CAPS / Lessons from CAPS


Subject:  Re: Going Short on Name Brands... Date:  11/7/2006  3:05 PM
Author:  Steve819 Number:  23 of 188


The problem with companies that have real revenues and real management, but simply sky high expectations and valuations, is that it often takes a while for the market to reach the same conclusion that our "jenius" minds have reached already. Witness RHAT as an example, it was crazy overvalued, but only until Oracle stepped into the game, and it missed earnings did the stock plummet.
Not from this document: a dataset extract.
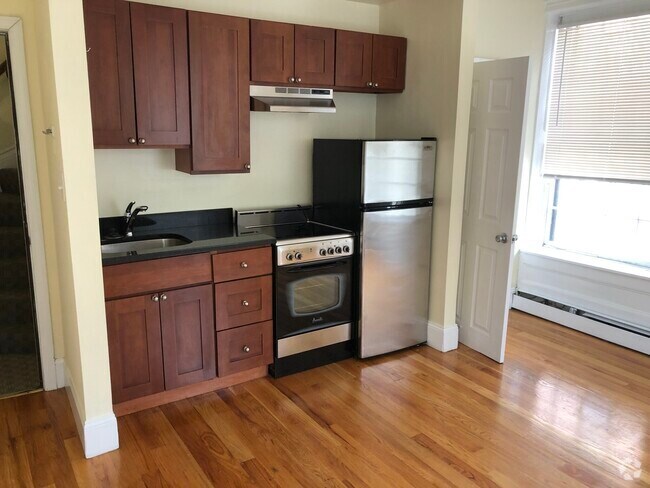 Building Photo - 19 Joy St Unit 1 Rental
The CAPS players that shorts these types of stocks has to be a little more patient, and have a little more conviction behind his thesis to obtain winning results. An added bonus is the fact that many of the crap companies are heavily picked to underperform, so shorting wildly overvalued brand names often allow you to pick up massive points on leaders (sometimes, not in all cases).
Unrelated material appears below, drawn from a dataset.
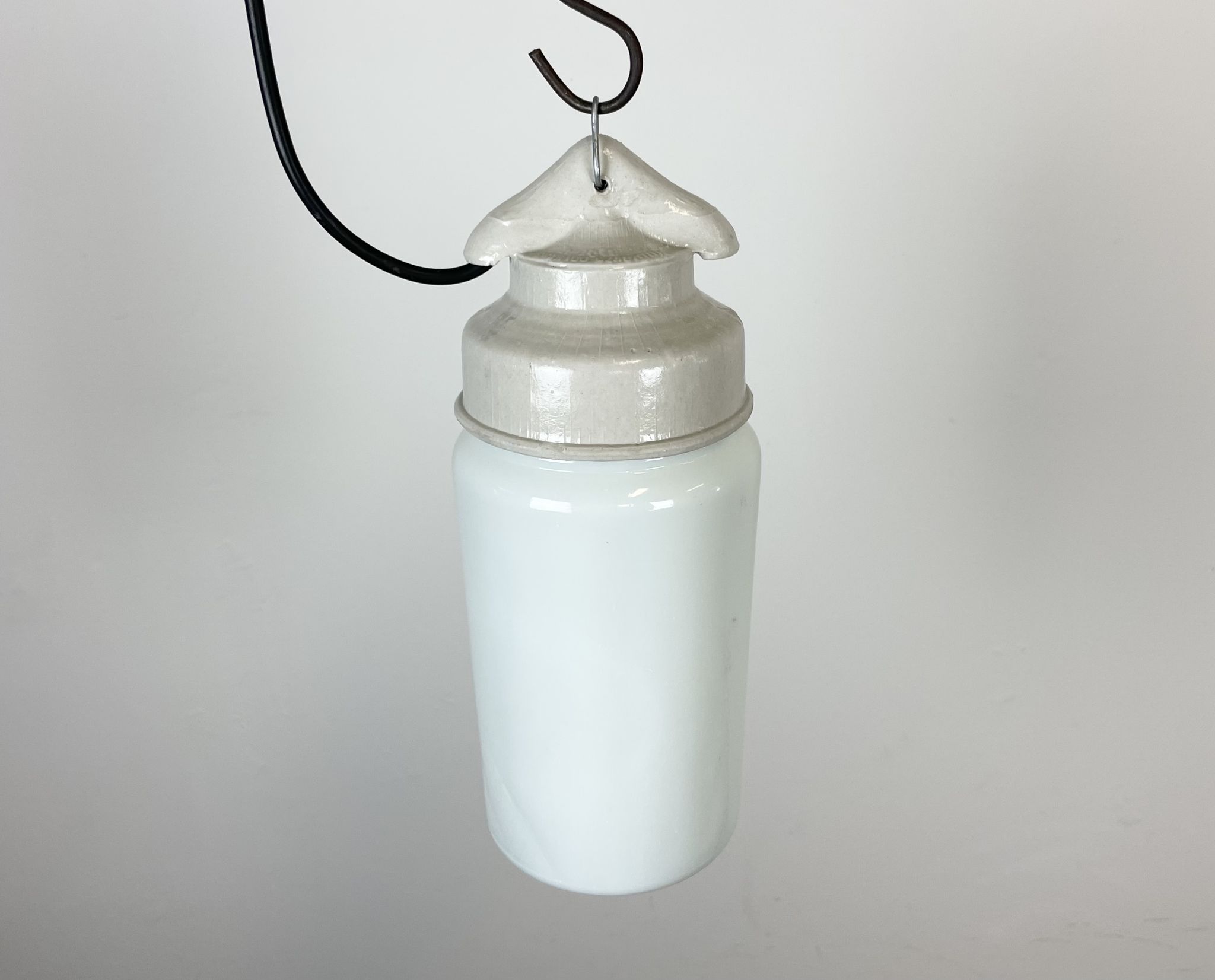 Suspension en porcelaine blanche industrielle avec verre opale, années 1970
I think the best players rarely end loser picks because once it goes past -5, your accuracy has already taken the hit. The only risk beyond -5 points is the points, but there is always the chance that unless the story has changed materially, the stock will come back. Since points are somewhat easier to pick up than accuracy, many players leave the loser pick as active because the damage is done to the score, and the potential upside looks better.